Last week the Faroe Islands and the United Kingdom signed a free trade agreement which ensures that trade between the countries will continue after the UK leaves the EU.
Britain imports some £200 million worth of fish and crustaceans from the islands, which will remain unchanged following the UK’s divorce with the union.
Imports from the United Kingdom to the Faroes had a total value of DKK 284 million (£33 million) in 2017.
Faroese minister of Foreign Affairs and Trade, Poul Michelsen was understandably happy about the agreement:
“The United Kingdom is not only our closest geographical neighbor, it is one of the most important trading partners for the Faroe Islands.
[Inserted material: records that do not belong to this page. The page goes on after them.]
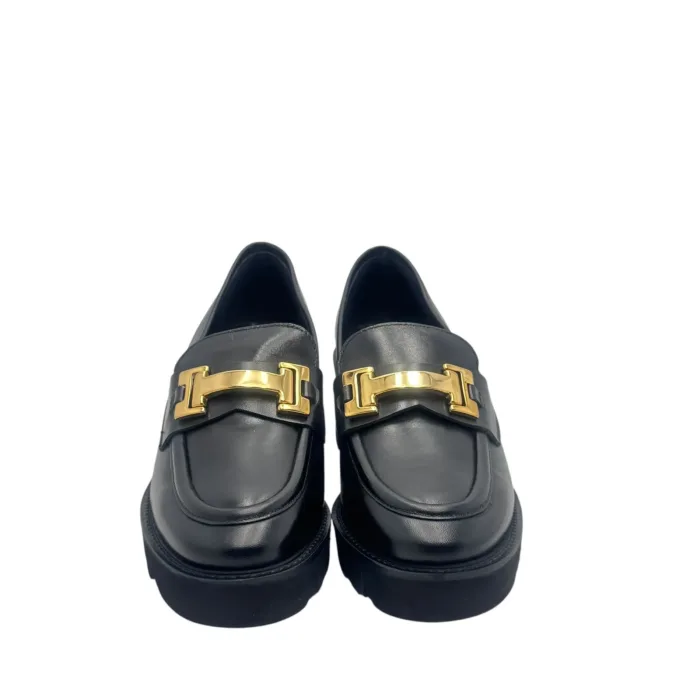 Mocassino Luca Grossi In Pelle Nera con Accessorio Morsetto Oro Tacco 6,5 cm art. K674M, foto 3 di 6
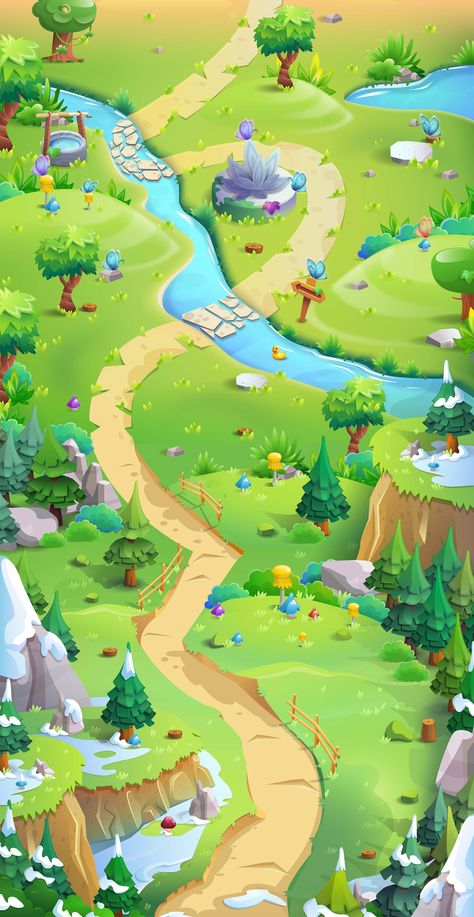 Game Design Inspiration, Game Background Design, Game Design Ideas, Casual Game Art, Game Design Concept, Game Design Art, Game Art Design, Background Game, Map Game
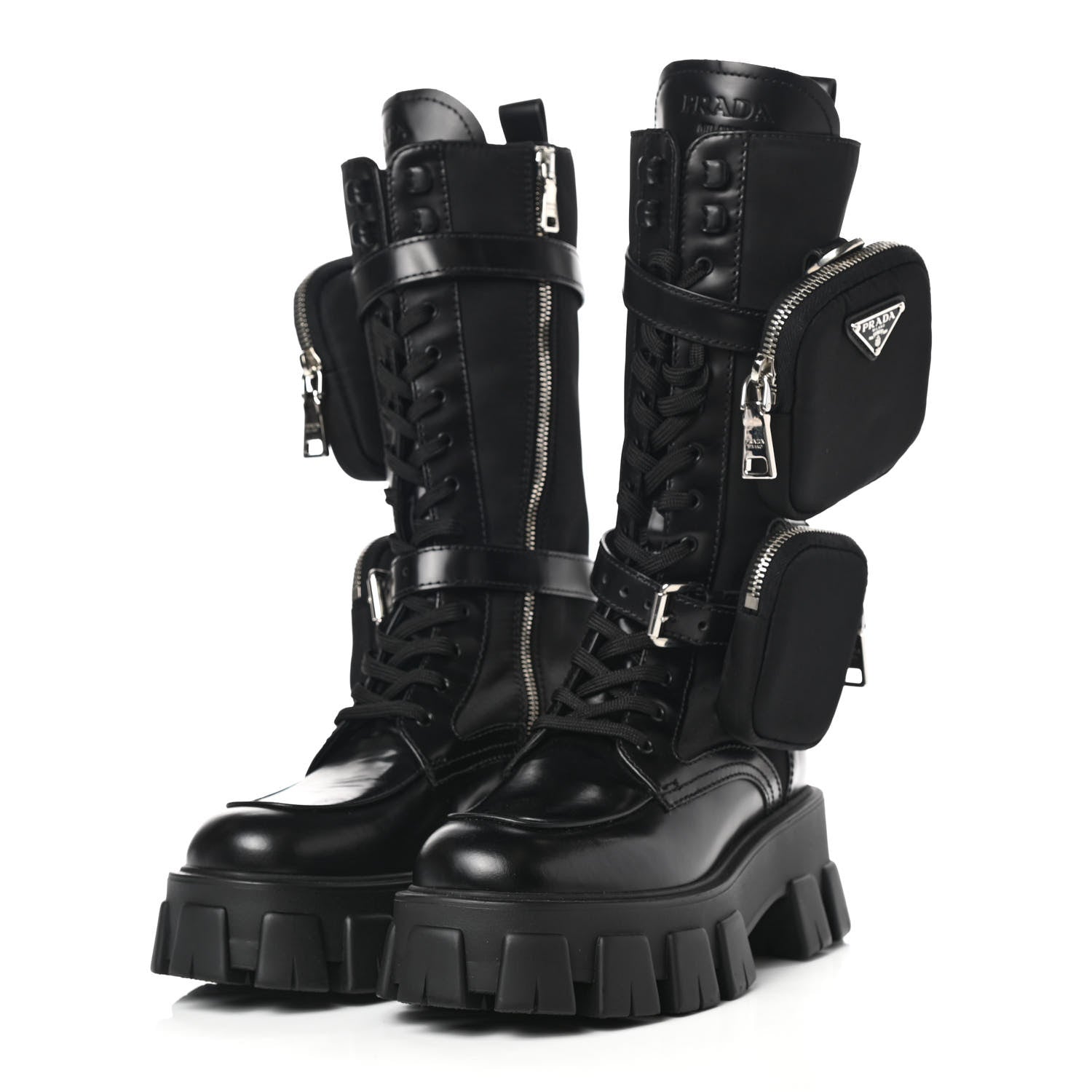 Prada Spazzolato Rois Re-Nylon Metal Triangle Logo Monolith Pouch Pocket 55mm Tall Combat Boots 36 Black 3 of 7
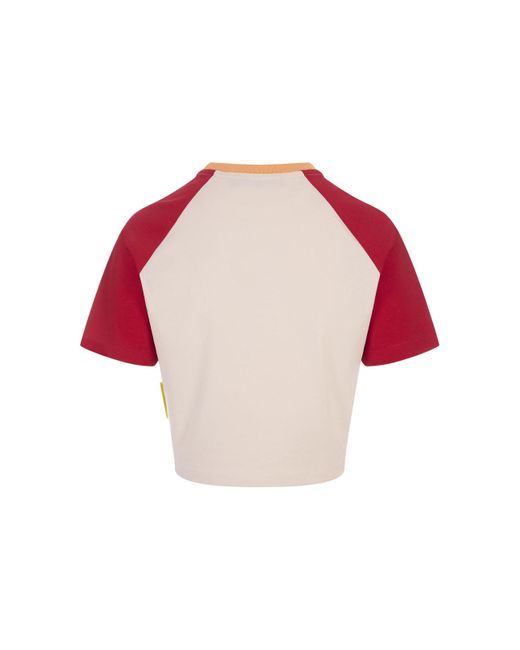 Barrow Red Color Block Crop T-Shirt With Signature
This agreement means that our exports to the UK can continue unhindered when the UK leaves the EU. The economic significance of this agreement for the Faroe Islands cannot be overstated, It will also provide a firm basis on which we can expand our future trade relations with the UK,” said Poul Michelsen, Faroese Minister of Foreign Affairs and Trade, according to Faroeislands.fo.
UK minister of State for Trade Policy, George Hollingbery was also satisfied with the agreement: “This agreement is the latest in a series of continuity agreements to be signed by the UK and will help give UK and Faroe Island businesses, exporters and consumers the certainty they need to continue trading freely and in confidence as the UK prepares to leave the EU.
The Faroe Islands is an important trading partner for Britain and this deal will help ensure that British businesses and consumer continue to have greater choice at lower prices.”
However, not all British politicians were as jubilant.
UK Labour Party leader in the European Parliament, Richard Corbett said, according to thelondoneconomic.com: “So Liam Fox (The British Secretary of State for International Trade) finally has a #trade agreement lined up for a post-Brexit era with that trading super-power, the Faroe Islands!
“It would simply keep what we now have via EU.
“What celebrations are planned for this great triumph?”
The UK has yet to finalise agreements to replace existing free trade deals the EU has with 40 big economies if there is a no-deal Brexit, writes TLE.